L’académie chargée de défendre la langue française menace de poursuivre le gouvernement en justice à cause de l’utilisation de l’anglais sur la nouvelle carte d’identité du pays.
Les dernières versions des cartes plastifiées qui ont été introduites l’année dernière comprennent des traductions en anglais des différents champs de données, avec “nom de famille”, “date de naissance” et “date d’expiration” apparaissant à côté de leur équivalent français dans une police de caractères italique légèrement plus petite.
Chaque citoyen français est tenu de posséder une carte d’identité nationale qu’il peut également utiliser comme principal document de voyage lorsqu’il se rend dans un autre pays de l’Union européenne.
L’ajout des traductions en anglais semble donc être une mesure visant à faciliter le passage des frontières internationales pour les citoyens français.
Mais le vénérable Académie françaisefondée en 1635 par le roi Louis XIII pour protéger le français “pur”, s’en est offusquée et menace de lancer un défi constitutionnel à ce sujet.
“Qui a décidé de mettre le français et l’anglais sur un pied d’égalité dans ce document ? “, s’interroge Hélène Carrère d’Encausse, secrétaire perpétuel de l’Académie.
“Un principe essentiel est mis en péril”, a-t-elle déclaré à l’AFP. journal conservateur Le Figaroen rappelant que la Constitution française moderne prévoit dans son article 2 que “la langue de la République est le français”.
Il existe un règlement européen qui impose la traduction des mots “Carte d’identité” dans au moins une autre langue de l’Union européenne, mais Bruxelles laisse aux États membres le soin de traduire le reste du document.
Les cartes d’identité nationales allemandes sont traduites en anglais et en français, et même les passeports émis par la Grande-Bretagne – qui quittera l’UE en 2020 – sont traduits en français.
Se plaignant que la voix de l’académie n’est plus entendue dans le débat public, l’organisme a engagé des avocats pour écrire au Premier ministre Jean Castex, rapporte Le Figaro, “lui demandant d’abroger la disposition créant la nouvelle carte d’identité nationale” – jusqu’à présent sans recevoir de réponse.
Si le cabinet Castex ne répond pas, les avocats se préparent à porter l’affaire devant le Conseil d’Etat, la plus haute juridiction administrative française.
Bruno Retailleau, chef du groupe conservateur Les Républicains au Sénat français, a tweeté vendredi que “la nouvelle carte n’a plus vraiment d”identité française’. Pourquoi une telle insistance à effacer la substance de notre fierté et de notre unité nationale ?”
La nouvelle carte comporte bien le drapeau français avec le contour de Mariane – la personnification de la République française pour représenter les trois valeurs principales du pays : liberté, égalité, fraternité – et utilisé depuis la Révolution ainsi que les mots “République Française” écrits en caractères gras.
L’écrivain et musicien Etienne Liebig a cependant rejeté la croisade de l’Académie, déclarant à la chaîne de télévision RMC : “Qui sommes-nous, nous Français, pour avoir si peur de perdre notre identité pour des raisons de ce genre ?”
Le déclin de l’usage du français dans le monde est un point sensible pour le pays depuis des décennies. Le français a été pendant plus de 200 ans la langue diplomatique de prédilection. Il reste parlé comme première ou deuxième langue par environ 220 à 270 millions de personnes dans le monde.

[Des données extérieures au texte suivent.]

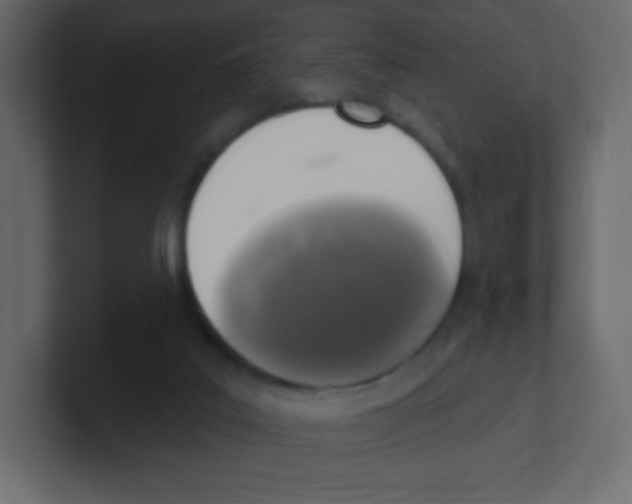 X0000100500019200807111152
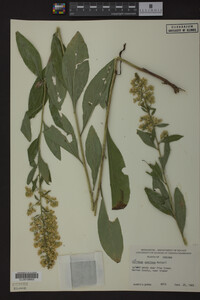 Solidago speciosa image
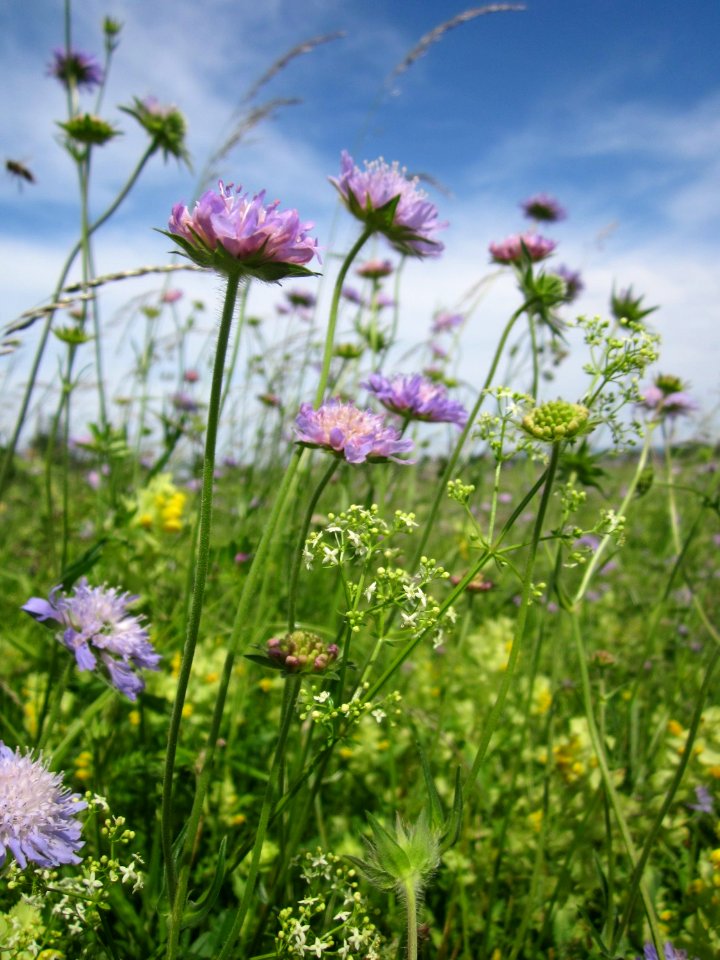 20130602Knautia arvensis8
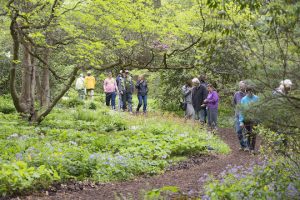 Read more about the article Around Town April 21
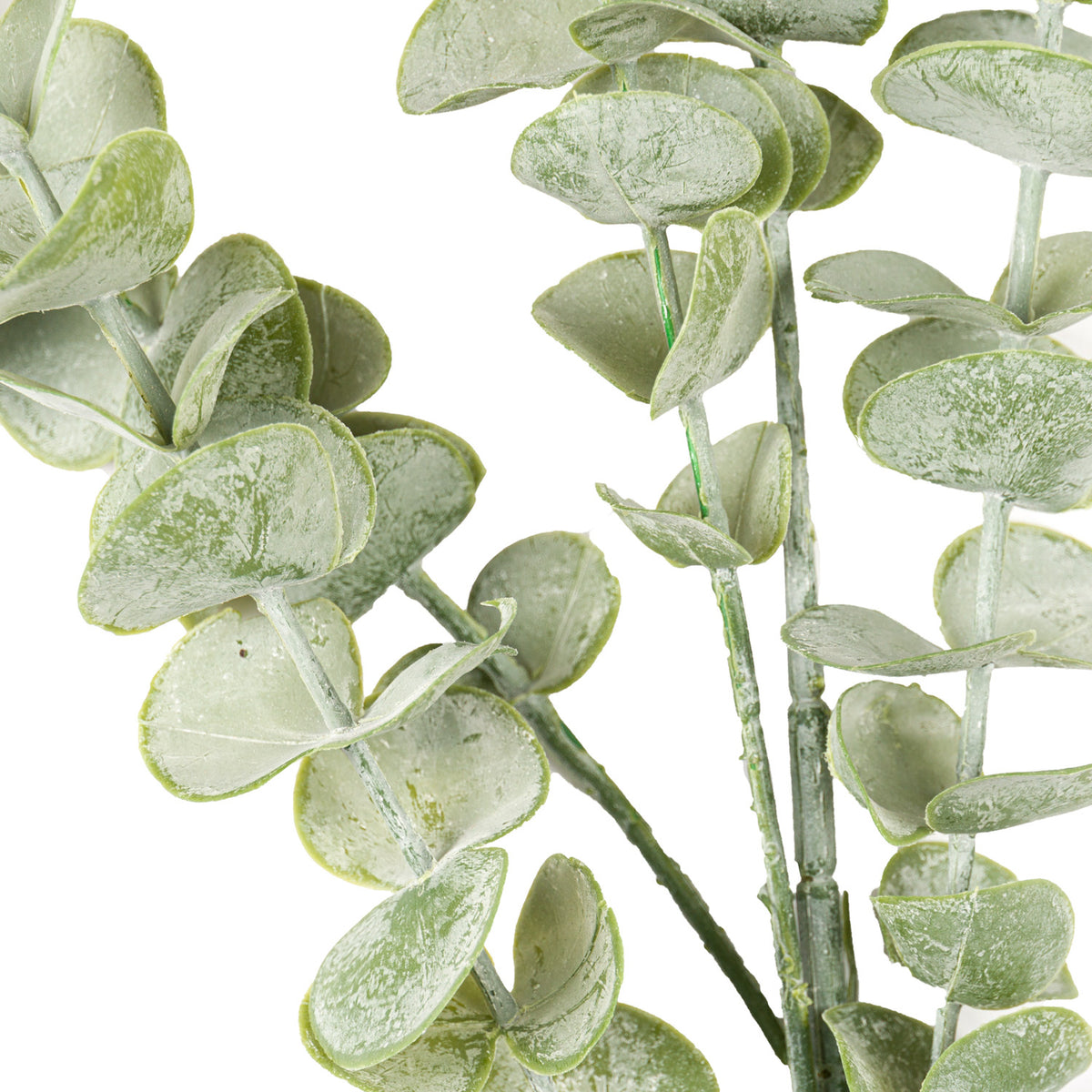 Gunnii Eucalyptus Spray - image 2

Mais l’utilisation croissante de l’anglais dans la vie quotidienne et sur la scène géopolitique – notamment au sein de l’UE depuis le départ du Royaume-Uni – hérisse les poils.
Les journalistes francophones couvrant l’UE se sont plaints en 2020 de l’utilisation croissante de l’anglais dans la communication officielle de l’Union qui, selon eux, donne un avantage concurrentiel à la presse anglophone.

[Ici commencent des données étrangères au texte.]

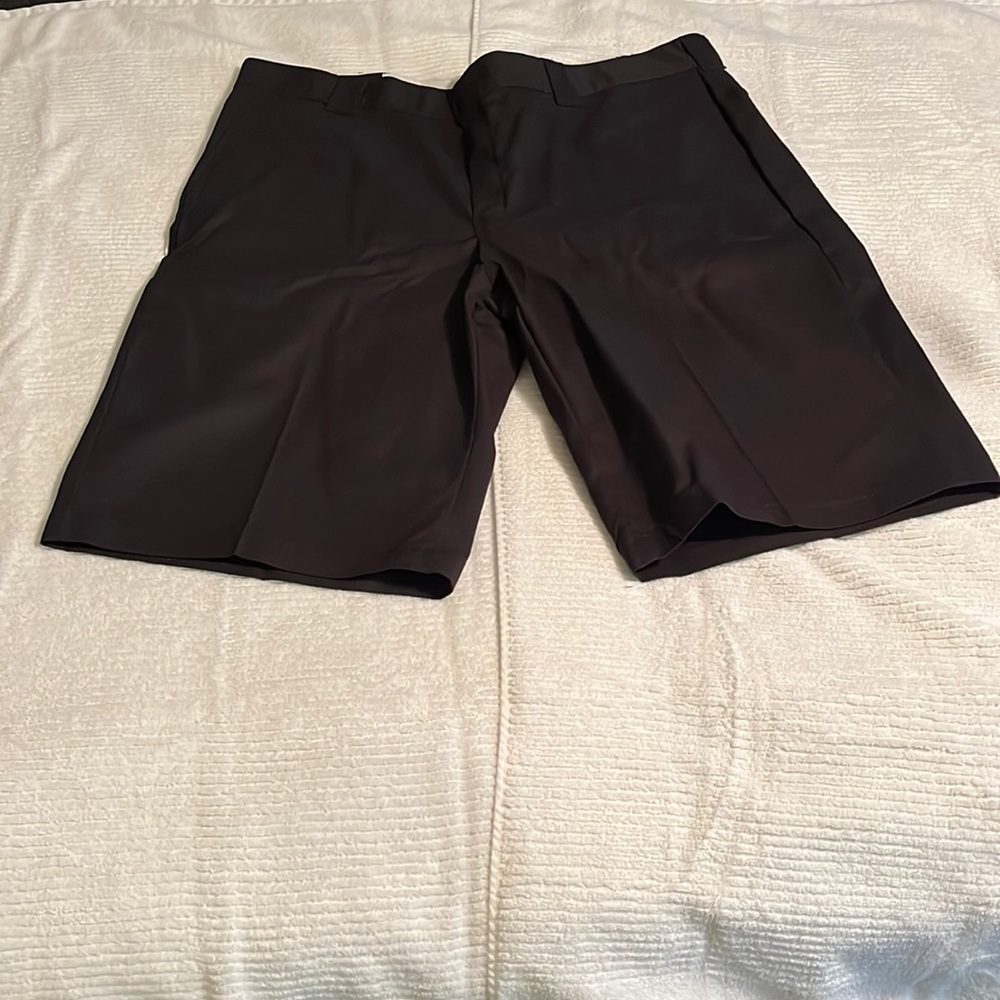 Mens Dickies Flex Work Short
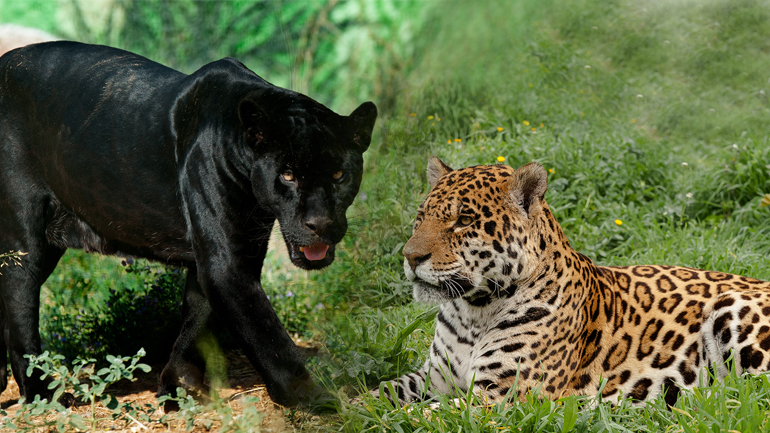 Η Jenny και ο Spotty, οι δύο ιαγουάροι του Πάρκου που κρίθηκε σκόπιμο να θανατωθούν, όταν βρέθηκαν εκτός του χώρου φύλαξής τους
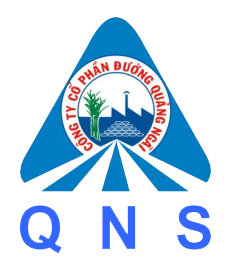 QNS logo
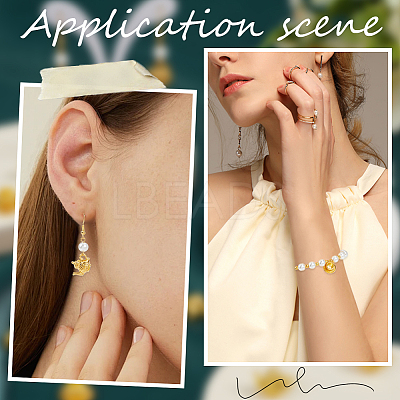 40Pcs 2 Styles Alloy Charms FIND-SC0013-16-1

Sentant peut-être la controverse poindre, le président français Emmanuel Macron et Ursula von der Leyen ont décidé d’aller de l’avant. ont tenu leur conférence conjointe sur la présidence semestrielle de l’UE, vendredi, entièrement en français..
Clément Beaune, ministre français des Affaires européennes, a déclaré en début de semaine que “toute la présidence française sera en français”.

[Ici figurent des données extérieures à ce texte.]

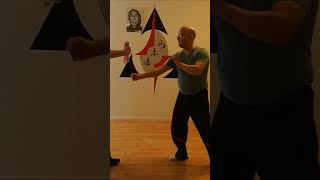 Short punch board breaking Martial Arts training [upl. by Helms990]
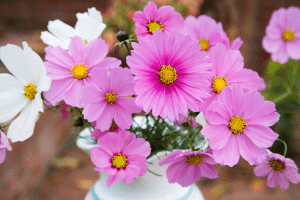 Cosmos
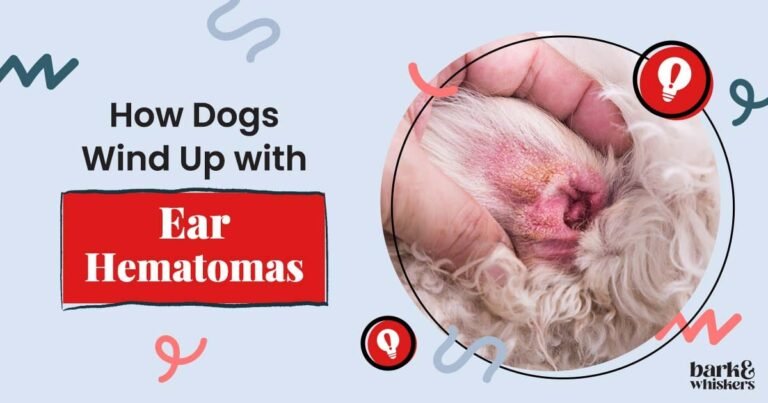 Ear Hematomas in Dogs - Causes and Treatment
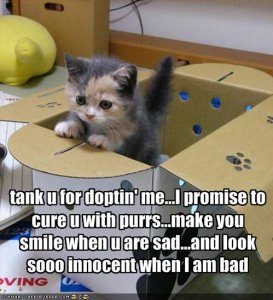 lolcatsthankyoufordoptinme.jpg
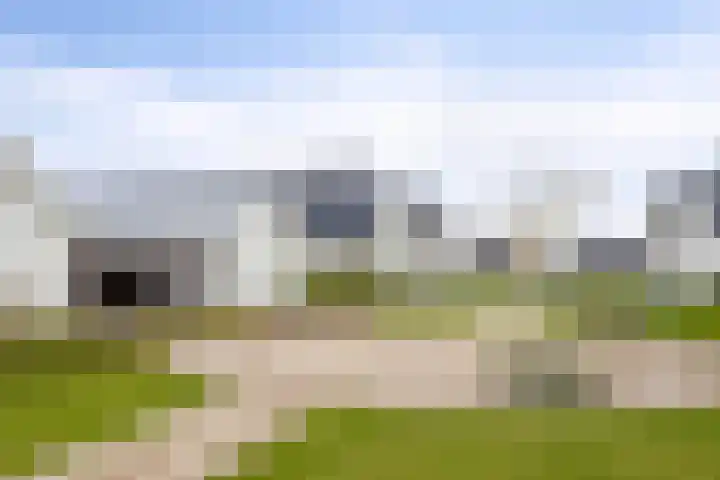 Popart 39 Dronten thumbnail 39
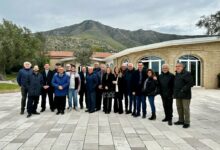 A San Prisco un incontro sull’Oliva Aitana del Tifata e la valorizzazione dell’Olio dei Monti Tifatini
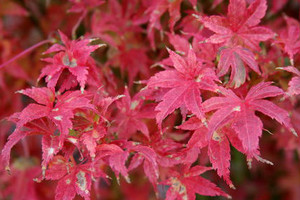 Acer palmatum Tiny Leaf Japanese Maple Tree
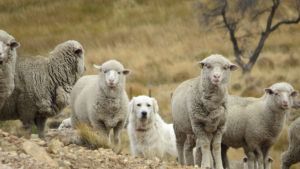 Por la muerte de un cóndor piden el combate ‘amigable’ de zorros y pumas: «hay que reforzar el pastoreo con perros en Río Negro»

“La langue française doit trouver sa place à Bruxelles”, a-t-il ajouté, annonçant que le pays avait commencé à former “de nombreux élus de tous les pays d’Europe, des diplomates européens, des fonctionnaires européens, en français.”
“Il faut donner envie d’apprendre le français, il faut faire rayonner notre culture, il faut former les gens en français”, a-t-il souligné. “Nous allons arrêter le déclin de la langue française”.